Don't really understand the implied connection to NSA or GCHQ. My theory as to why Snowden is popping up in some of the tweets is because the bots are probably using something like Markov Chains to generate real sounding (as far as Twitter spam detection is concerned) tweets sourced from trending content.
The accounts would then be sold as followers, which is an attractive service to some for a variety of reasons
The Markov stuff seems like such a poor approach. Though you can get by with it in 140 characters better than other places.
Twitter provides a public stream of tweets. Simply pull tweets out of that, if it doesn't contain another users name or url, etc. Distribute out to one of your bots, weighted by chattiness. Get fancy and have some sort of baysian filtering for what category bucket it falls into and give your bots interests.
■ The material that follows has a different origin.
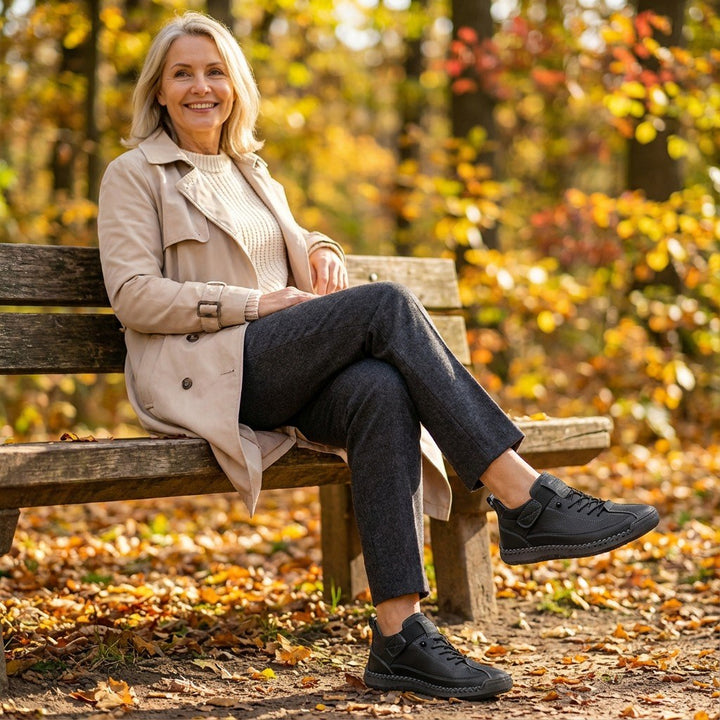 Marina — Bequeme breite Sneakers für Damen mit elastischer Schnürung, Das Modehaus Luzern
Maybe? They never did anything with the proof of concept ones I worked up, but I never did anything with them other than basic interactions with the network.
I'd guess there are enough duplicate tweets. "Another crappy day at work", "looking forward to dinner tonight", "going to see my sister this weekend!", etc. That I doubt it'd be a very useful heuristic.
35000 was the tip of the iceberg, it was a small sampling, not an exhaustive list. I'm only one guy with no power-toys. In all honesty, this is probably a million-account-plus botnet.
There is a possibility that this was a botnet that sells followers. I know that this one wasn't into retweeting or linking to anything, though such botnets do exist.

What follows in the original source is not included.